Equally important, if less often taught in Schools of Education, is skill in the mechanics of teaching, sometimes dismissed as “classroom management.” A great teacher commands the classroom, gets and holds the attention of students. Some do this through sheer charisma or force of personality, but there are simple techniques that anyone can master. Doug Lemov has spent years finding, categorizing, and videotaping these techniques. His recently published book, Teach Like a Champion, summarizes all that research. [Ugh, hate the title! It evokes a bleeding, sweaty boxer, gloved hand raised after the knockout punch.
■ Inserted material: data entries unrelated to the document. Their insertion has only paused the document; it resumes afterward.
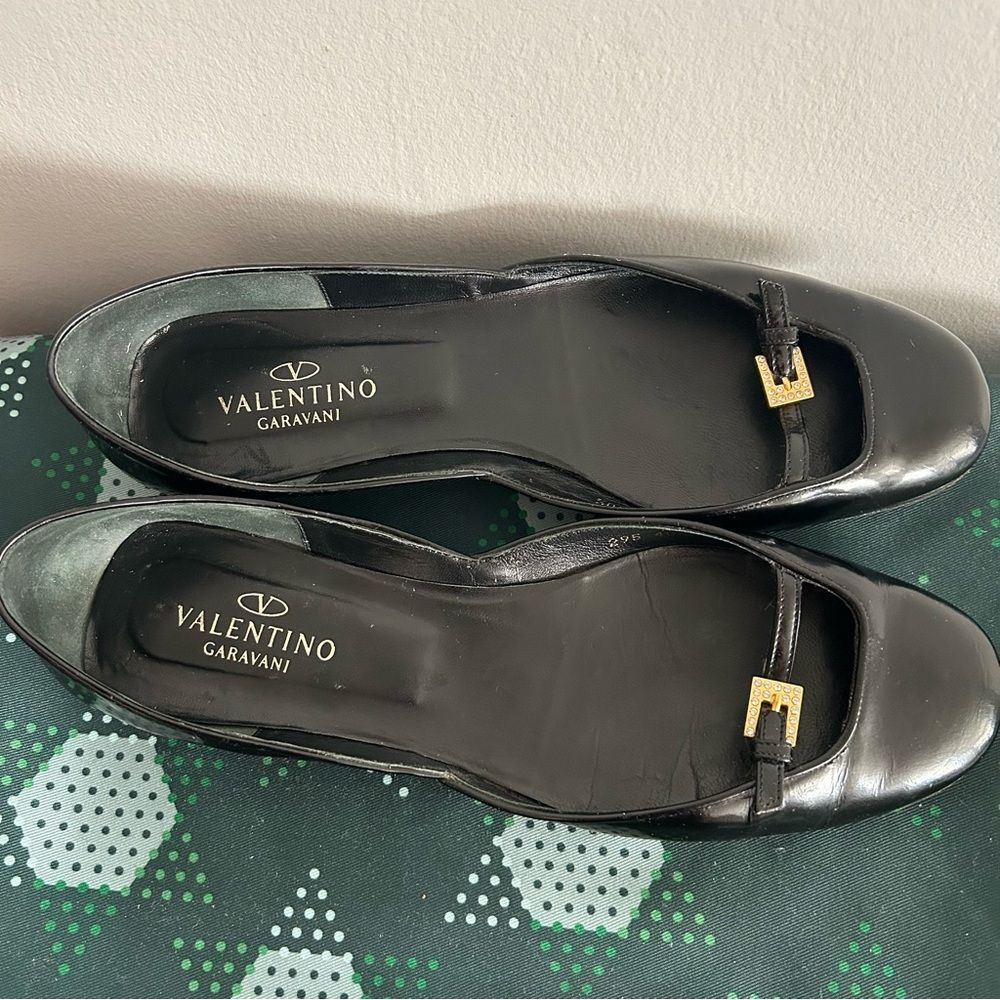 Valentino Garavani Womens Patent Leather Ballet Flats Size size 40,5 Black
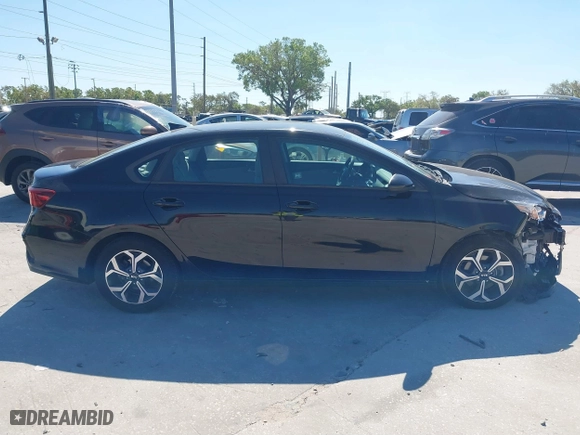 2019 Kia Forte LXS with VIN 3KPF24AD4KE023191, listed as a IAAI auction lot 41776162 with 57,316 mi miles. Bid and sale history available at carsss.com. Image 13.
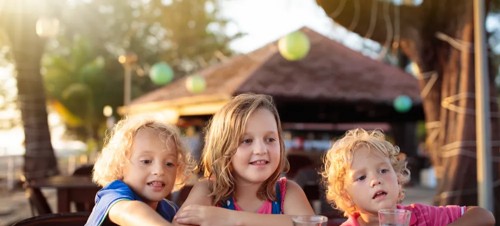 3 Best places to eat with kids aged 4-11 in Cornwall 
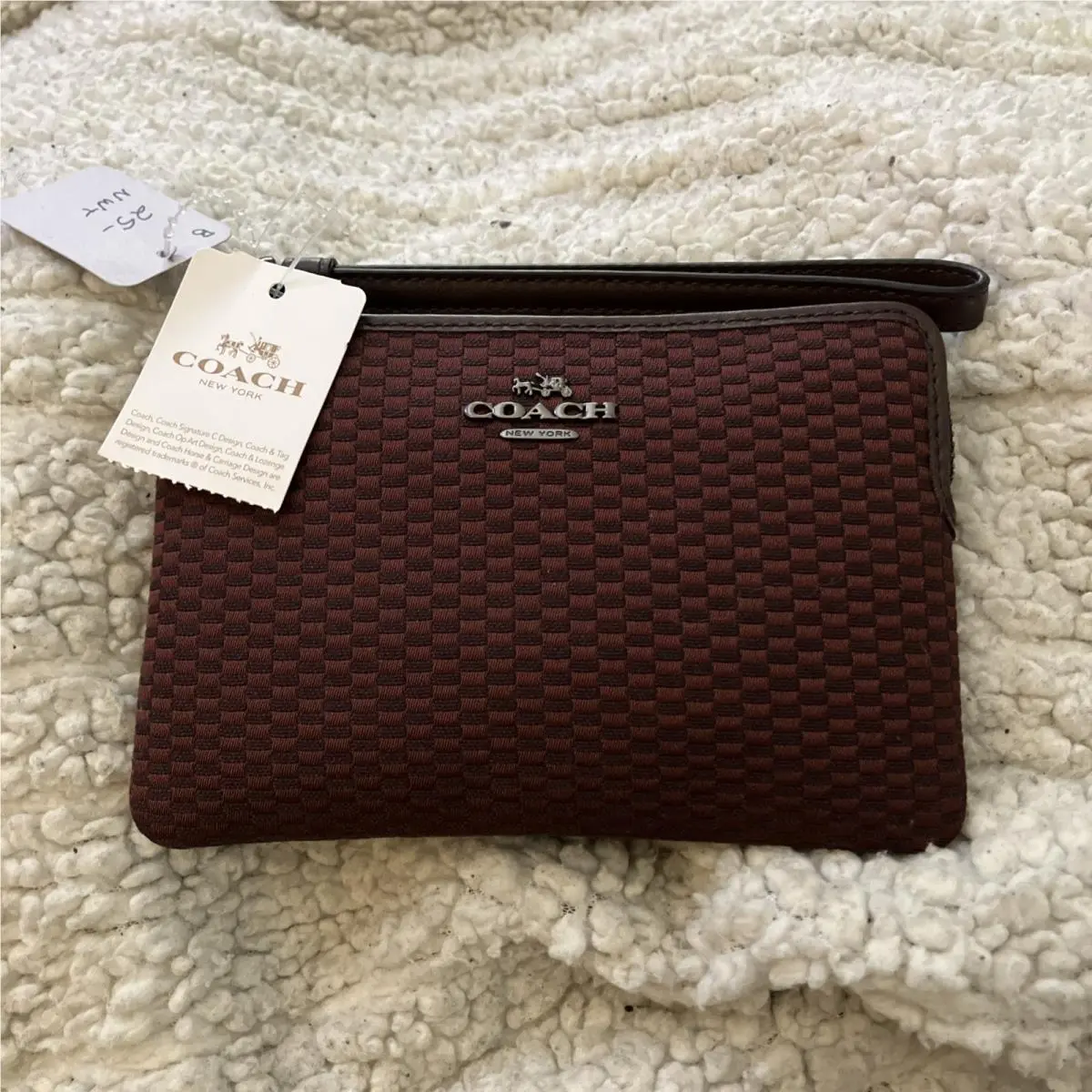 Coach Qboxblood Logo Corner Zip Wristlet Wallet Heart Charm Key Is Missing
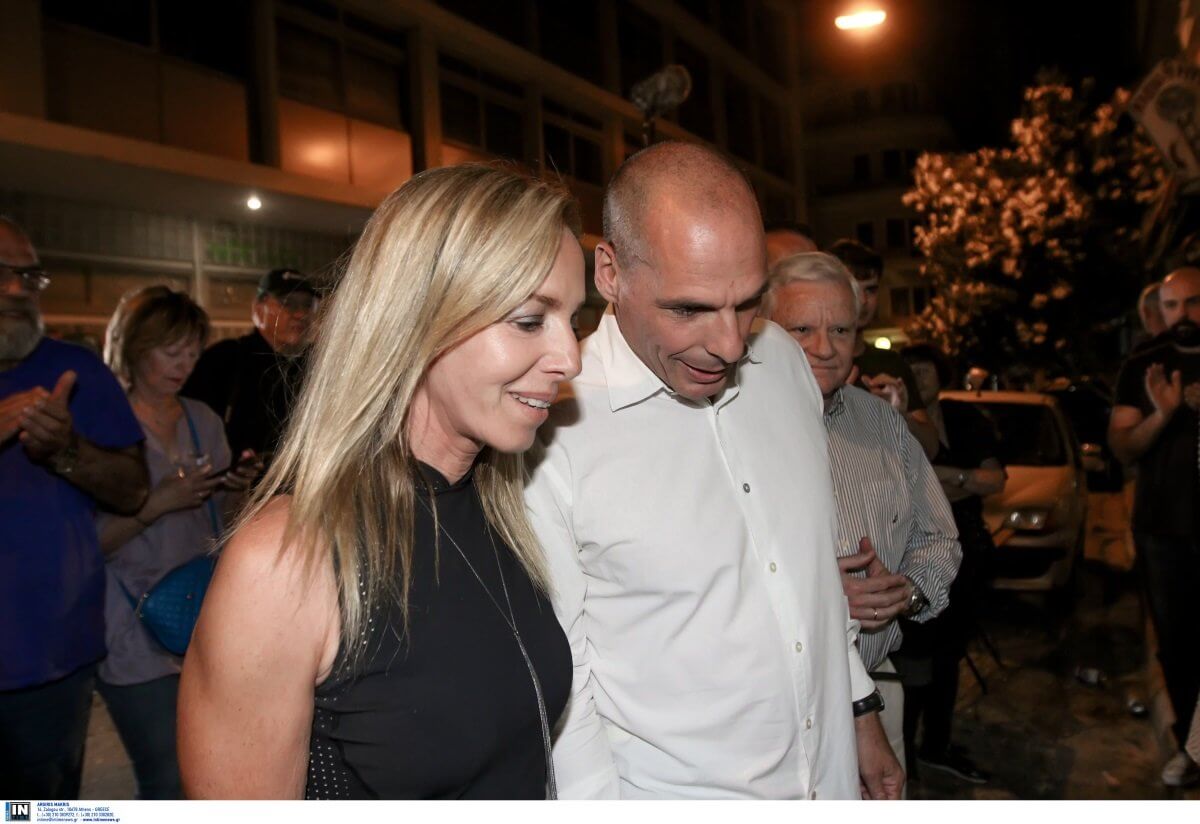 Γιάνης Βαρουφάκης: Η στήριξη της Δανάης Στράτου στις Ευρωεκλογές! [pics]
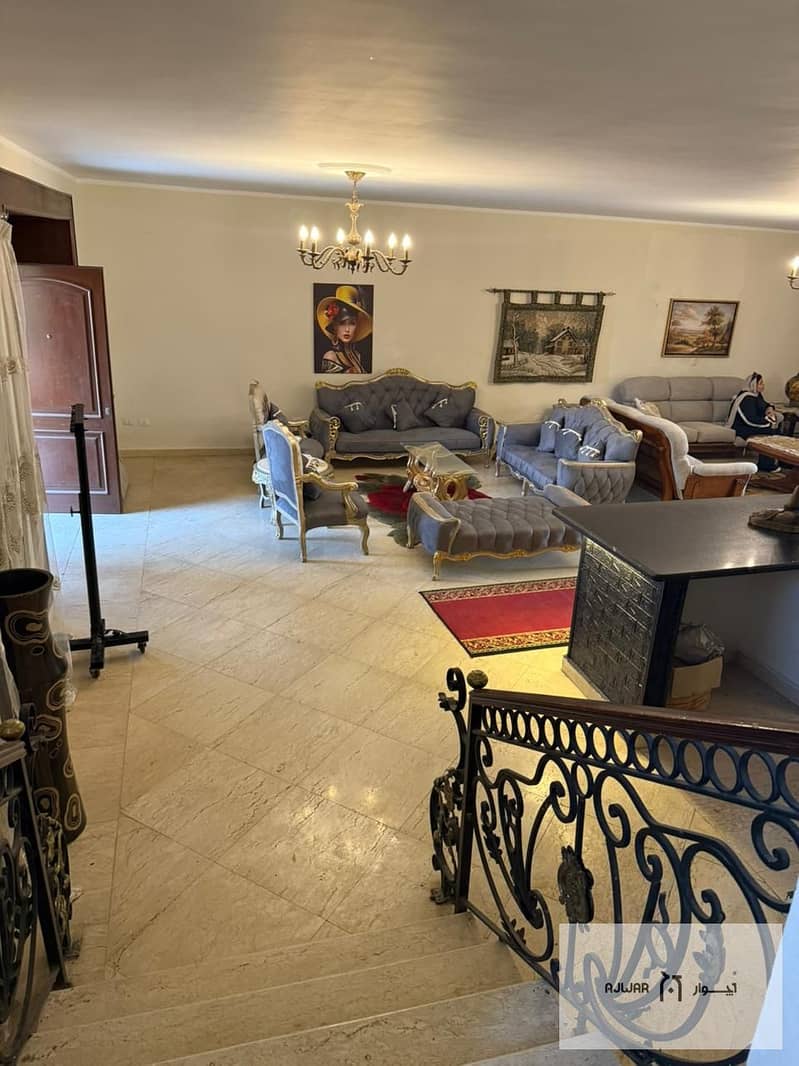 3 027656ad-01f2-4602-9bf3-4e49e3379a03. jpg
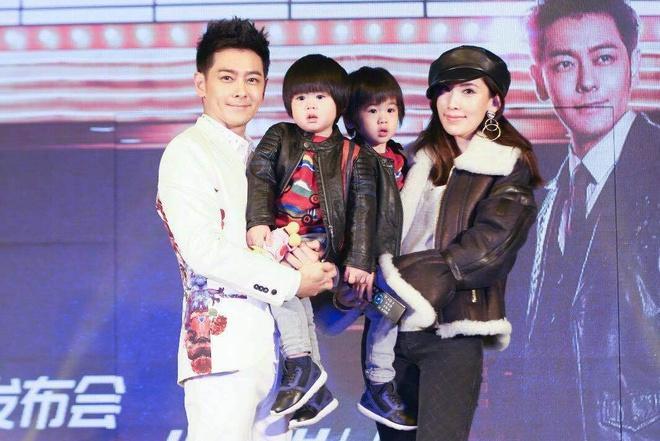 Lâm Chí Dĩnh U50 nhưng con trai nghĩ mới ngoài 30-6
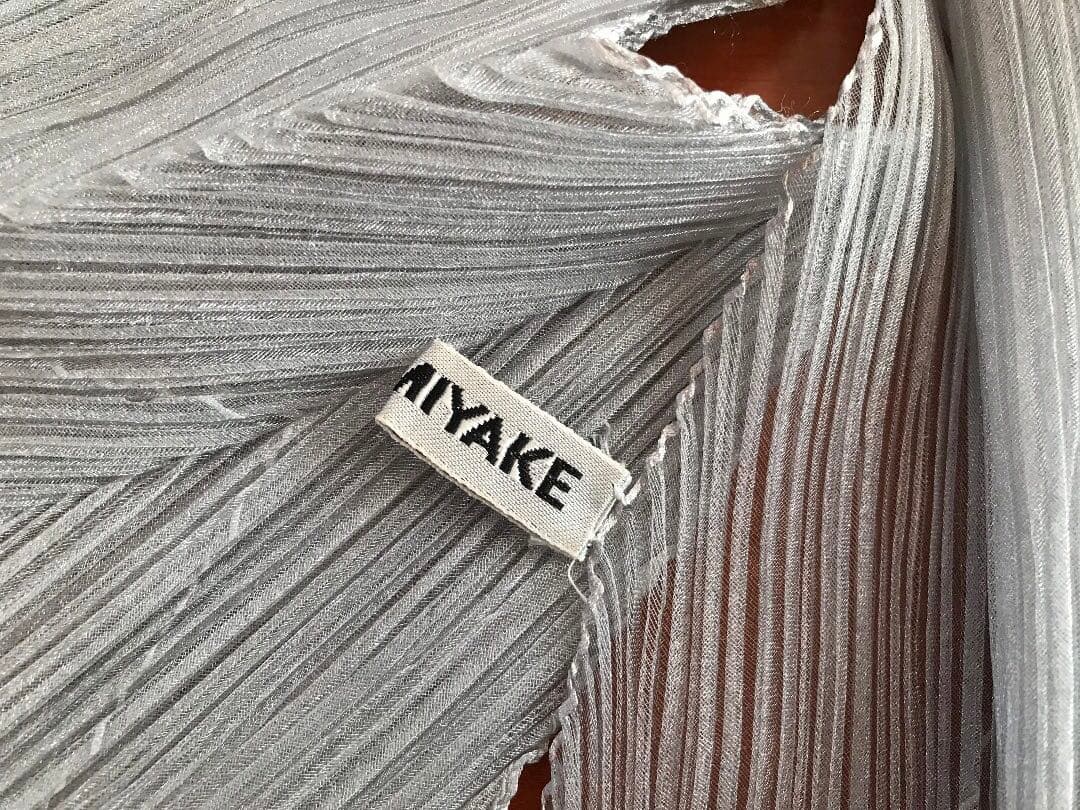 ISSEY MIYAKE 　スカーフ　プリーツ　シルバー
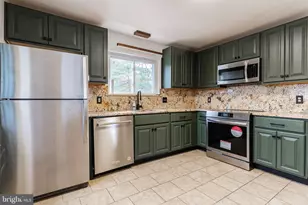 6609 Bowie Dr, Springfield, VA 22150 - Photo 12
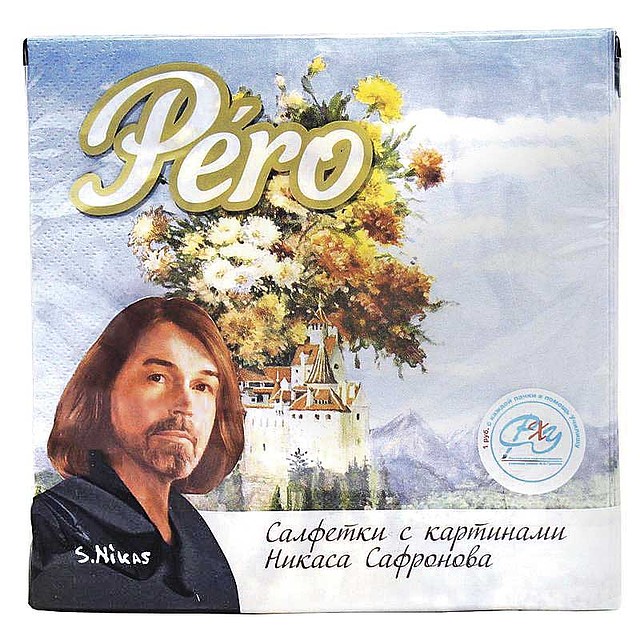 Бумажные салфетки от Никаса Сафронова с репродукциями его картин. Фото: Instagram.com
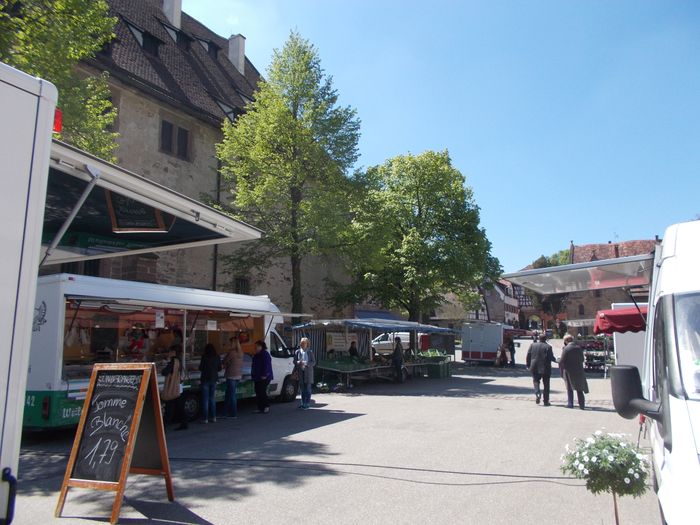Wochenmarkt im Klosterhof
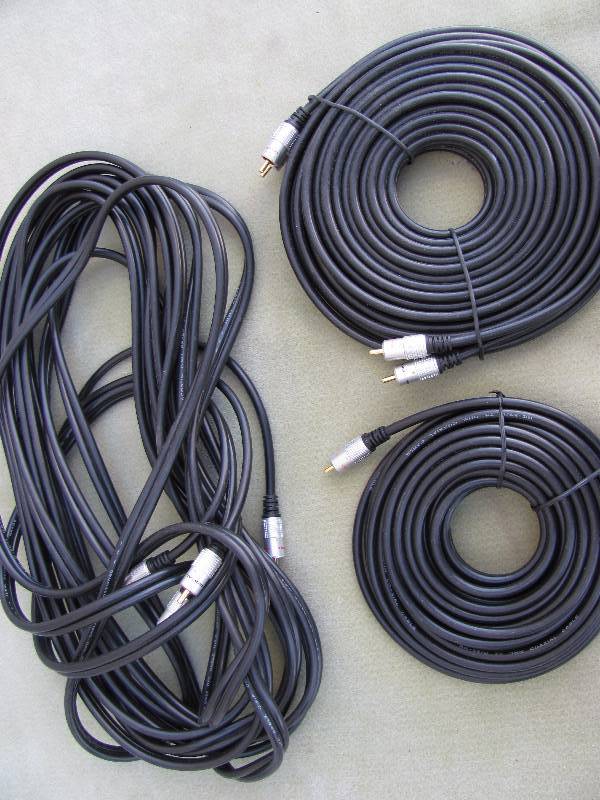 lot 7182 image: Coaxial cable, 3- piece digital - see photos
But maybe that’s just me....]
Here’s an example of Lemov’s thinking (not the specific techniques): “Much of student behavior is opportunistic ... ‘I can get away with it, so I will.’ A far smaller number of students will persist in a behavior once you’ve made it unambiguous what you expect. Fewer still will do so when you’ve shown you’re persistent.” He repeatedly reminds us that children may not know exactly what we want them to do or may not know how to do it. Explicit directions can make all the difference.
Implicit in the No Child Left Behind and Race to the Top reform efforts is the assumption that carrots (merit pay) and sticks (firing teachers and principals in “failing” schools) applied to teachers will improve student learning. Not only have those techniques never been proven to work (remember how Edison Schools were going to show the profit motive could improve education?), but they can never reach and help all students. Helping all teachers to refine their craftsmanship can.
Note: These ideas were explored in much greater detail in “Building a Better Teacher” in The New York Times Sunday Magazine on March 2, 2010.